Newsletter No. 6

I flew to California on Monday for work. I started my day at 5 AM in Florida, flew seven hours, then spent five more hours walking through a warehouse. I had been going for fifteen hours straight which left me sapped out of energy by the early California evening. So I excused myself from group dinner invitations, checked into the hotel and went to bed.

I awoke Tuesday morning at 2:30 AM California time which is 5:30 AM in Florida, my usual waking up time. Sleeping-in has a paradoxical effect on me — it makes me groggy for the rest of the day. On days when I sleep-in, I spend nursing a low-grade headache. With the clock showing 2:30 AM I knew sleeping-in would be a disaster for the busy day ahead of me. So I decided to commit. I got out of bed, fiddled with the little coffee machine, and sat down with my book.

The book was Caste by Isabel Wilkerson. I read around 80 pages between 3 AM and 6 AM. In Caste, the author makes a strong case to identify the role that long standing caste systems play in American and Indian societies, and the role it played in Nazi Germany. I was naturally hooked to the topic as I had grown up in India under the Caste system. It was a heavy book and I was grateful that the quietness of the early hour opened the space for the chaotic humanity the book exposed.

I was in bed early that evening and I woke up early on Wednesday again.

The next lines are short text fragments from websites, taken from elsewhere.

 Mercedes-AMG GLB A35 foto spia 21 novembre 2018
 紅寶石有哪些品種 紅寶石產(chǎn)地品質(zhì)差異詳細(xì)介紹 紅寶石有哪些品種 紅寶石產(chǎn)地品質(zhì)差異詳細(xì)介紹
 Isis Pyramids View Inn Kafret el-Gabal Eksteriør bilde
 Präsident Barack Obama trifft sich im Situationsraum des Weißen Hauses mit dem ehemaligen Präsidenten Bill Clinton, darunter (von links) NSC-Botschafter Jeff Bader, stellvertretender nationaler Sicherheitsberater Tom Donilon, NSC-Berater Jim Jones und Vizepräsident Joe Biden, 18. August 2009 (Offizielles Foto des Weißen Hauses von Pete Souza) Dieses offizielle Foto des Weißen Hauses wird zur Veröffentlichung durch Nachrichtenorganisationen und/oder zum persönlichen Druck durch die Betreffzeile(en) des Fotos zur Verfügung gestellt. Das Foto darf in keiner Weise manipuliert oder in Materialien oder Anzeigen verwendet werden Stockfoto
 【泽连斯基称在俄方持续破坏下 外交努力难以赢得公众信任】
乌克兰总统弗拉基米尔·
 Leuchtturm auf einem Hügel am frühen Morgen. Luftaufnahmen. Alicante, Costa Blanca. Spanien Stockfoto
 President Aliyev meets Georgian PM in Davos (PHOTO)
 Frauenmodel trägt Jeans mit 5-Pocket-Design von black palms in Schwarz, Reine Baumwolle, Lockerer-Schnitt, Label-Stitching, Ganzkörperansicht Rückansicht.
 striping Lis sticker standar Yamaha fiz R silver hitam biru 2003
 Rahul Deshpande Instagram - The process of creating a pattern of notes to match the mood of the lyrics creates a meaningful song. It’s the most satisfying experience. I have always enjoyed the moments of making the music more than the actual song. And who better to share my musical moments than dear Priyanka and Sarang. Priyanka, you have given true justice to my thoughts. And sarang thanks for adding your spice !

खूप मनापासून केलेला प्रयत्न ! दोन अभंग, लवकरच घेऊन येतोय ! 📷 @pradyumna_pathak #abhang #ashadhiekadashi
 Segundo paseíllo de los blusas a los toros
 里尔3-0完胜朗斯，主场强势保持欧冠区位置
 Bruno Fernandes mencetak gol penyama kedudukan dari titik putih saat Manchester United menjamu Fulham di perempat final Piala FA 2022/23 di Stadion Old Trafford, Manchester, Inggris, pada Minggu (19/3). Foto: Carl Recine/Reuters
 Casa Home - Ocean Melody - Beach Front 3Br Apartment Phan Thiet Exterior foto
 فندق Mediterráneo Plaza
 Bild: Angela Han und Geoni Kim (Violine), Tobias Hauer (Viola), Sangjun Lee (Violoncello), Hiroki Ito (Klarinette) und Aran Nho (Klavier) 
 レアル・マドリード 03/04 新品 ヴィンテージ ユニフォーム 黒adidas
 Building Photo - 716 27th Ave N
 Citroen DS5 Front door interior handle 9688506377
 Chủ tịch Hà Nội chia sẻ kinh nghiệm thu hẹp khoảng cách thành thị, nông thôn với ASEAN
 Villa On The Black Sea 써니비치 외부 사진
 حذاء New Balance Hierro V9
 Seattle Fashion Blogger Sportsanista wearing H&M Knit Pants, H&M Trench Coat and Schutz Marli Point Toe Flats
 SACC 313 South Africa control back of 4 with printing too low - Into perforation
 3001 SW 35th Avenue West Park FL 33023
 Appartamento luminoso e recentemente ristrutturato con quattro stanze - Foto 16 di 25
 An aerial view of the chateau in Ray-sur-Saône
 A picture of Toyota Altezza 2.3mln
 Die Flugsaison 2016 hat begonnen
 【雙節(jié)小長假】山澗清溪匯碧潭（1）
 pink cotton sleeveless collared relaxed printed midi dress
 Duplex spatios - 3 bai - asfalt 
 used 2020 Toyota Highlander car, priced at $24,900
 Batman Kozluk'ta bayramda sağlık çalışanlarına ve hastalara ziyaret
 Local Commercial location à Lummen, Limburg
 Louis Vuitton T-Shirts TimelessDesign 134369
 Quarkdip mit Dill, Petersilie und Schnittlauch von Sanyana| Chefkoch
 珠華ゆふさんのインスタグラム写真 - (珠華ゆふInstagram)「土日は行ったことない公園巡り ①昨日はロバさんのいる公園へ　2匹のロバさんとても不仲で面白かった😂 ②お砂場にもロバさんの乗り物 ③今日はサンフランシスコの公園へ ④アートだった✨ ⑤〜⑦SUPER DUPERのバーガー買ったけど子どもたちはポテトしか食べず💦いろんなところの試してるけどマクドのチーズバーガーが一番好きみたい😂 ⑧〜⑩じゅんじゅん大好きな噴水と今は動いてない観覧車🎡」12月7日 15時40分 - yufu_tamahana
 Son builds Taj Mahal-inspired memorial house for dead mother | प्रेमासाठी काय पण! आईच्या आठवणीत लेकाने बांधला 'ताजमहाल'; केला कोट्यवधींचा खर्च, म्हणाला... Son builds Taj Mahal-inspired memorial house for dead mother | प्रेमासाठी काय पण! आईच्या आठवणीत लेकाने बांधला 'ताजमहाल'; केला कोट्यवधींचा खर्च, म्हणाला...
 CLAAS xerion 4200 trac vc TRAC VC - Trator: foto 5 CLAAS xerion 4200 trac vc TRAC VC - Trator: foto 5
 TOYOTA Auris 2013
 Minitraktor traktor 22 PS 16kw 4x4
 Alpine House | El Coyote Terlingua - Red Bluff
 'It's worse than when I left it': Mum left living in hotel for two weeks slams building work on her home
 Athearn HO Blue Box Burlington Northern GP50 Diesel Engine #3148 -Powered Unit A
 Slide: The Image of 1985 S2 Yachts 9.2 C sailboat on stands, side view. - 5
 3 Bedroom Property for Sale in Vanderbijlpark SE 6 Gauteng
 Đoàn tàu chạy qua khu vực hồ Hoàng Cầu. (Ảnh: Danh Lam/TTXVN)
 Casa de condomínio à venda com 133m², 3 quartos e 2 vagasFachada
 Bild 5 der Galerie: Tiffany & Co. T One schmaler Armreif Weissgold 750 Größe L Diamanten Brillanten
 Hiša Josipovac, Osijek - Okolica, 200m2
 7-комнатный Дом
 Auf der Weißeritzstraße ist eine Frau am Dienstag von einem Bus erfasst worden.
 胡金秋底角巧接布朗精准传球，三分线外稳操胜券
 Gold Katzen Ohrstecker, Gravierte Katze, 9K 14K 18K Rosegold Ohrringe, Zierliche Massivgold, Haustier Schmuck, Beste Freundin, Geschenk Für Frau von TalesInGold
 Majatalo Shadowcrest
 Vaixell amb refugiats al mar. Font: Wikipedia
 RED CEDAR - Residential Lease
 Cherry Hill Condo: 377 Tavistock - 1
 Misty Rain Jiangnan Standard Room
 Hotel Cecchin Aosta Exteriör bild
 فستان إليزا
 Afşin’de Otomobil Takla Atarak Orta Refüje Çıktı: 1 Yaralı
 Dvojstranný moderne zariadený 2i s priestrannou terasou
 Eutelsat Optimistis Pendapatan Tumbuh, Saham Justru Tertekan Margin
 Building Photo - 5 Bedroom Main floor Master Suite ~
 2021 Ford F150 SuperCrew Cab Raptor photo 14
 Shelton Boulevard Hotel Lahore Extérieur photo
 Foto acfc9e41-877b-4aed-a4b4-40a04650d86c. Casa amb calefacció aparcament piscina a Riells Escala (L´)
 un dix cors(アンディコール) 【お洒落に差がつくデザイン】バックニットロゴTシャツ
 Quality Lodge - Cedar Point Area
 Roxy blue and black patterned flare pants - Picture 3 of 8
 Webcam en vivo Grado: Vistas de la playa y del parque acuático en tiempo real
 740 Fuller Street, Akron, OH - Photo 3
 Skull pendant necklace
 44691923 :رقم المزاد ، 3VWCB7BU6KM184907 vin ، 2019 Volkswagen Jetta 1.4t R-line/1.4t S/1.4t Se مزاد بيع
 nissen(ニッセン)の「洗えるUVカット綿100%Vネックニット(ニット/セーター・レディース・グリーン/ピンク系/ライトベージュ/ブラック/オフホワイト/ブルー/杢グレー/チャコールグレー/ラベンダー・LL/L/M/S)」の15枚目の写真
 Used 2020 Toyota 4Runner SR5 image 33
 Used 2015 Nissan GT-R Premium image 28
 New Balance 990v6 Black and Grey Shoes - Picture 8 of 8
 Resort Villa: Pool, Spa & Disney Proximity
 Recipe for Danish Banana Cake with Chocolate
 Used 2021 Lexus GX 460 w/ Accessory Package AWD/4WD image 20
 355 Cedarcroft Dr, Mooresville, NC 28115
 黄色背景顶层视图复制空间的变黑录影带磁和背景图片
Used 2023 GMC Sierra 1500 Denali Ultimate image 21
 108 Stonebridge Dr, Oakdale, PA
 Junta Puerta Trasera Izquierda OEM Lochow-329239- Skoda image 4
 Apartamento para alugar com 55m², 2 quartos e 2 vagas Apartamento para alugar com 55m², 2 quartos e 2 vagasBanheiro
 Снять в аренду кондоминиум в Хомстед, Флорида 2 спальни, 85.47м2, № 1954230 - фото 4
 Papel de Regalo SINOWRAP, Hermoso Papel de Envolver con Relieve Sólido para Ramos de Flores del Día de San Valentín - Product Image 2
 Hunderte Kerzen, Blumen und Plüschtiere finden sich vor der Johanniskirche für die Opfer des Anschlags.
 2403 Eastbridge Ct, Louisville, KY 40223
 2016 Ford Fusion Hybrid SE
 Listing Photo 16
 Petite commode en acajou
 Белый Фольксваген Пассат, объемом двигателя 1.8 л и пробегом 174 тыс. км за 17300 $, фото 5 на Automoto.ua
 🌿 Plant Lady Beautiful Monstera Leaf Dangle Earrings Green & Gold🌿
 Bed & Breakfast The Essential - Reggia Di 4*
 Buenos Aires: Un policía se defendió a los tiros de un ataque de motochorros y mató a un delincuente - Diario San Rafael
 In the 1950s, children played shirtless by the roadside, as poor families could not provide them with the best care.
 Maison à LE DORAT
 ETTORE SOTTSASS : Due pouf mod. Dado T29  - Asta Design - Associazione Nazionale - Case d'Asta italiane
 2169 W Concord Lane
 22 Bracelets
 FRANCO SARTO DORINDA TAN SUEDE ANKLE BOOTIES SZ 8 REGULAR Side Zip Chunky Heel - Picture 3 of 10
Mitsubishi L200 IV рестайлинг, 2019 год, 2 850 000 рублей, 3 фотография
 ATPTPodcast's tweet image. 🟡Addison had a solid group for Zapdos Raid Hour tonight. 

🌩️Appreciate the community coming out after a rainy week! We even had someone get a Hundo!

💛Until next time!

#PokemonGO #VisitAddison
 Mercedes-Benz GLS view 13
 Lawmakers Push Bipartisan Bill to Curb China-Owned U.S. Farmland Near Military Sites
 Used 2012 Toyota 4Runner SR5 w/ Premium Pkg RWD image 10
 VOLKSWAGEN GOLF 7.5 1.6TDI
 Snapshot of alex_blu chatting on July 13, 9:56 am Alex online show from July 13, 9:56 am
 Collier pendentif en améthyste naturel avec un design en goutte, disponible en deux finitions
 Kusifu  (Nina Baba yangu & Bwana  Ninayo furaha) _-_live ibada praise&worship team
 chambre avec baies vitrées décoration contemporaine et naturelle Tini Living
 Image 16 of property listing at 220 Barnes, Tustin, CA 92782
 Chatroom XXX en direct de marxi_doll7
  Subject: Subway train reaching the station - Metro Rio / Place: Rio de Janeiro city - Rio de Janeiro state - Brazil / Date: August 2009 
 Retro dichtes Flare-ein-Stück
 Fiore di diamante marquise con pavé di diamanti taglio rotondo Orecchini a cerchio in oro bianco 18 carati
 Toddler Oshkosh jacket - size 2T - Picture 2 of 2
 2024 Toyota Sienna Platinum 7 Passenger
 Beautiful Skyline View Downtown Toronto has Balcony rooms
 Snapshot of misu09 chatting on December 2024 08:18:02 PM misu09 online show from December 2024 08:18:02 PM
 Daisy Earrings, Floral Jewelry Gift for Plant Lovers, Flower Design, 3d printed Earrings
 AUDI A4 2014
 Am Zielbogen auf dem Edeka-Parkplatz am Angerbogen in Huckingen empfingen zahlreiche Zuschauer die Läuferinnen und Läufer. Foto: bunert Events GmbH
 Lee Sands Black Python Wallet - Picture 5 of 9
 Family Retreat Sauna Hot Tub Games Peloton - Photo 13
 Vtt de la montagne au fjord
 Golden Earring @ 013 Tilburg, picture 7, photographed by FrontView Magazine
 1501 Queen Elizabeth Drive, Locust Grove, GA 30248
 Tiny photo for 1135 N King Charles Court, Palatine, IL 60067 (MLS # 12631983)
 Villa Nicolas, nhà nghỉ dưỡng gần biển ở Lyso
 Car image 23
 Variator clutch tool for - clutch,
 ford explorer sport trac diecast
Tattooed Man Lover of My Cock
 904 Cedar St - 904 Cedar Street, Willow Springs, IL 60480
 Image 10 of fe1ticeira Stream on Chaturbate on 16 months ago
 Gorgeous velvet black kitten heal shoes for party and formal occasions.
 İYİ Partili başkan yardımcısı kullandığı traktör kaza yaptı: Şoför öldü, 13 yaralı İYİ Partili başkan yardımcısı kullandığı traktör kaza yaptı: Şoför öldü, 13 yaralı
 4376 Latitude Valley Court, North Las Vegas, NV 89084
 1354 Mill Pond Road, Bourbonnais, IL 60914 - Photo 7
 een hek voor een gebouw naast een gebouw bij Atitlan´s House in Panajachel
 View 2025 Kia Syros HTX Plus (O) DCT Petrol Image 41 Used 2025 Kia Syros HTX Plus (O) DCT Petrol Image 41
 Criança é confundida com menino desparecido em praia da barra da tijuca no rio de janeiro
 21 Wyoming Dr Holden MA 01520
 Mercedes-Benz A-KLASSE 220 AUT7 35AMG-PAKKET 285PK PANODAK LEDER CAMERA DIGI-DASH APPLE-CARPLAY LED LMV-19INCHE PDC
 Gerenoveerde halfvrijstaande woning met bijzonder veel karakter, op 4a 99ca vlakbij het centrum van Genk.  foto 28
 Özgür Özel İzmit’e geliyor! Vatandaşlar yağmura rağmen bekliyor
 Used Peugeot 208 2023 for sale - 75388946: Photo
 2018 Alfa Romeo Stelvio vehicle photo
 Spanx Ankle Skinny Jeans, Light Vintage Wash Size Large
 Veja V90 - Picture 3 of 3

I repeated this early morning reading schedule for the entire duration of my visit. Those three quiet hours of reading every day were too precious to give up! I never left the Florida time-zone.

Thursday, somewhere 30,000 feet over Tallahassee, Florida in a Boeing 757, I finished the 400 page book.

I am not a speed reader by any measure. I am prone to day-dream while reading. So I was surprised to complete a large book with a heavy topic in half a week! I had picked up several hours of reading during the long flights, and additionally 3 hours of daily reading during this visit. This reminded me of Casey Neistat who said air travel is the closest thing to time travel.

James L. Gibson says in his book Ecological Approach to Visual Perception that an environment provides us good and bad options for movement. These he called Affordances.

Business travel three timezones away provided the affordances to read uninterrupted (I have deputized reading to be a form of intellectual movement). My Florida home does not provide three uninterrupted hours to read on weekdays. I read in the morning for ninety minutes before life pulls me away. Feed the cats, make coffee, make the bed, get dressed, pour cereal, turn on the computer and start the workday.

There is nothing I want more than the routine of a harmonious life at home in Florida. Reading in the morning, albeit shorter, is not the same without one of our cats sleeping on my lap. There are obvious drawbacks to traveling all the time. I will tolerate with staying in hotel rooms, eating hotel food and drinking hotel coffee in short and temporary bursts. What I notice is the disdain of business travel has shifted for the better. The affordances of transit — cramped airplanes, noisy airports and hurried schedules — used to be a bother but have now morphed into gateways to a temporary world where uninterrupted reading can happen.

Business travel is starting to look like a portal to uninterrupted reading time. On a trip I don’t have to make the bed, do dishes, feed the cats and take out the trash. I go to work during the day, and when I am not working, I can read!